Elections systems risk overview

The IT systems infrastructure that supports our elections processes has myriad risks, and these risks vary from one organization to the next. There are a number of commonly used risk assessment approaches that can be used by election officials and their technical staff to help assess risk, such as International Organization for Standardization (ISO/IEC) 27005 and National Institute of Standards and Technology (NIST) Special Publication 800-30. Among the most popular tools for understanding and managing cybersecurity risk is the NIST Cybersecurity Framework, which organizes cybersecurity activities in five functions: identify, protect, detect, respond, and recover.

Unfortunately, many election officials do not have the expertise or resources to conduct an adequate risk assessment. The ability to efficiently and effectively execute a risk assessment is further reduced by the difficulty in objectively assessing evolving threats, as well as the complexity of the elections processes and systems.

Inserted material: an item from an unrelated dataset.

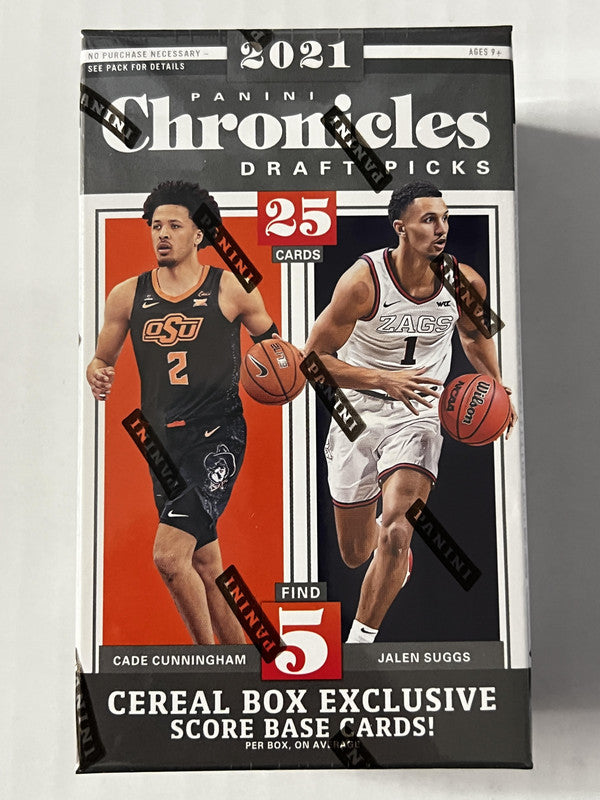 2021-22 Panini Chronicles Basketball Cereal Box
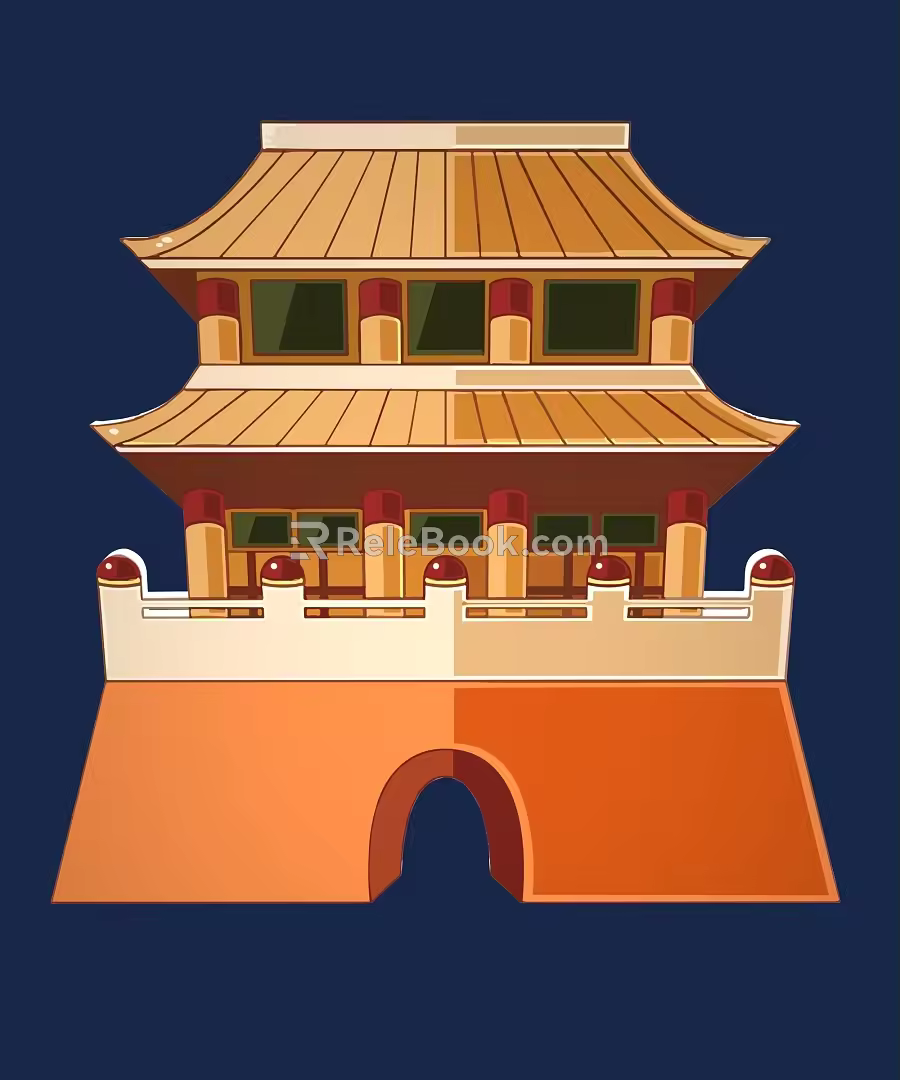 Architecture New Architecture National Tide Architecture Ancient Architecture Drum Tower Temple of Heaven Pagoda Zen Temple Buildings Temple 8 3d model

In its simplest form, a risk assessment is used to identify and assess the impact of vulnerabilities— weaknesses that an attacker can exploit—while being mindful of the compensating controls that exist in a system. These risks can be mitigated with appropriate physical, process, and technical safeguards. In this way, risk and potential impacts can be reduced to a level deemed acceptable by the accountable election officials, often called a balanced risk posture. The potential impact or consequence of a successful exploit is an important part of a risk assessment as elections officials want to focus first on exploits that have the greatest potential consequence. While some risks vary from one election jurisdiction to another, many are common across the wide variety of elections systems configurations. As part of producing this handbook, experts have collaborated to assess the common risks to elections systems. This common baseline risk assessment has influenced the prioritization of security best practices in the handbook.

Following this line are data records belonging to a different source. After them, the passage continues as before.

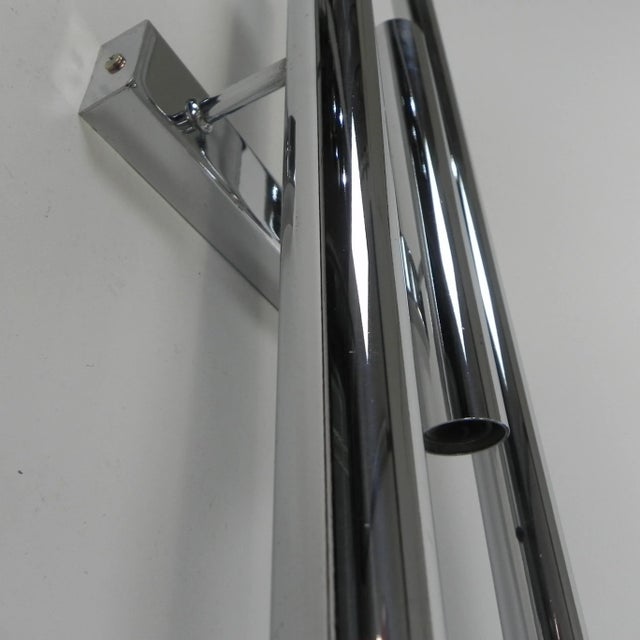Tede Light Wall Lamp with 3 Chrome Cylinders, 1970s For Sale - Image 16 of 18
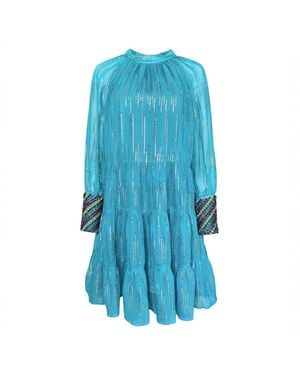 Laura Citron Diamond Dress - Blue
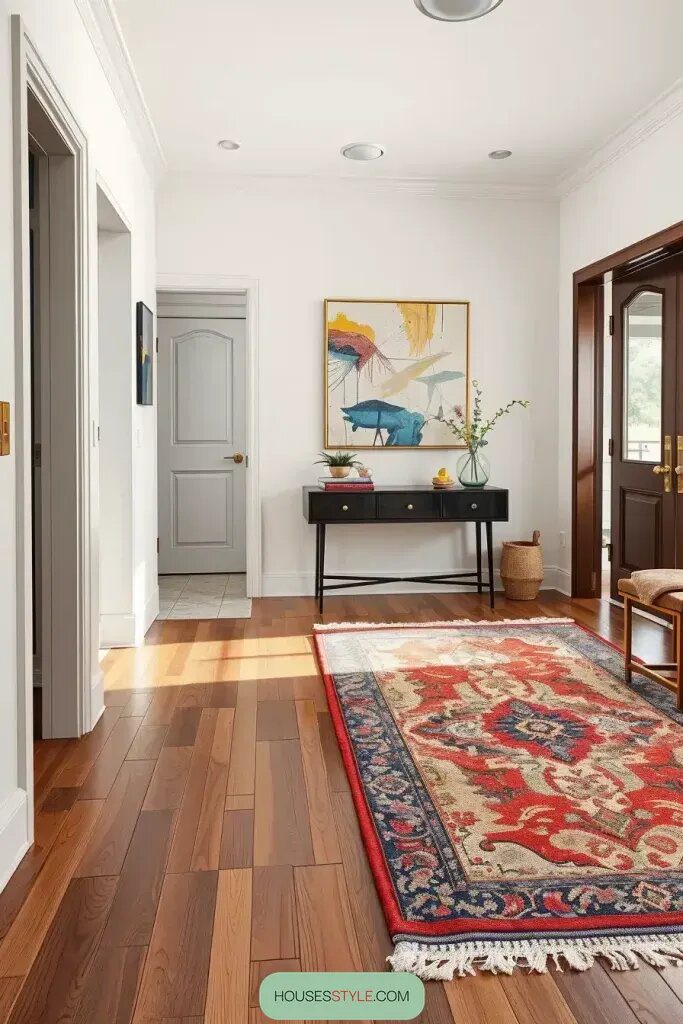 Statement Rugs That Anchor an Entry Space - photo 2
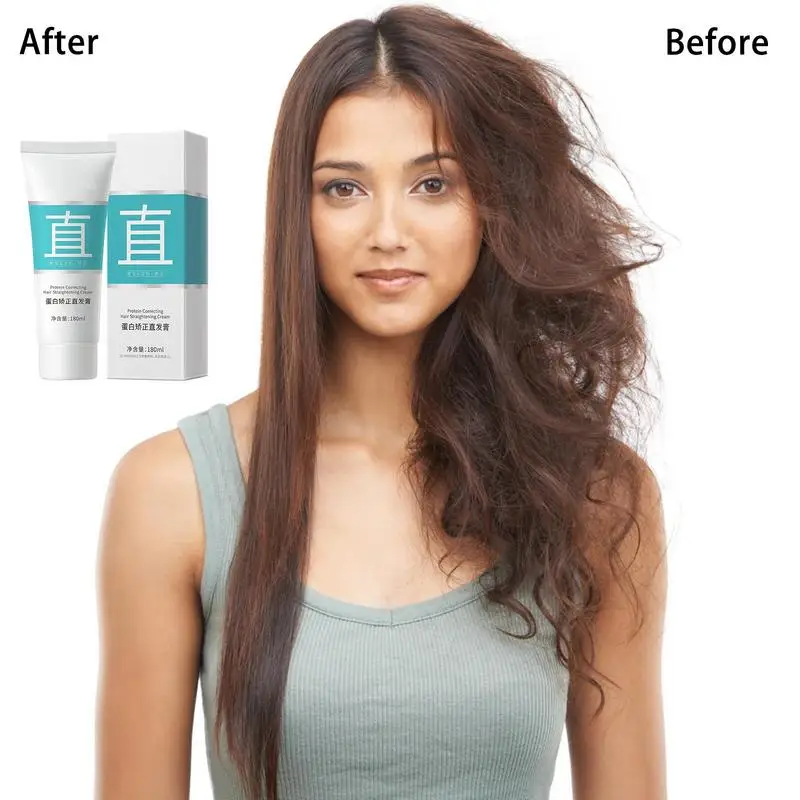 

Крем для прямых волос 3 в 1, протеиновый питательный крем, крем для быстрого разглаживания волос, крем для выпрямления волос для кудрявых волос для мужчин и женщин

Baseline elections risk assessment

The baseline assessment of risk for elections is summarized for the purpose of helping election officials and their technical staffs understand the major areas of risk that can serve as their primary focus. Each organization should augment the baseline elections risk assessment to address the risks that might be unique to their elections processes, systems, and threats.

 

Examples of threats and consequences


Scenario 1:

A nation-state uses the internet to access and disrupt one or more state voter registration databases such that legitimately registered voters are denied the ability to vote on election day, or are required to file a provisional ballot.

Consequence:

Although no votes are manipulated, this attack would likely be a major national news story that results in reduced confidence by the public in the integrity of the voting process and the election results. Additionally, this slows the voting process, creating the risk of long lines and making in-person voting less efficient.


Scenario 2:

An adversary gains access through the internet to one or more election night vote displays and changes the displayed results such that the real winner of the election is now the reported loser in the election.

Consequence:

Again, while no votes have been changed, and the erroneous posting of election results by an authoritative source will subsequently be republished correctly, there is likely to be a significant loss of voter confidence.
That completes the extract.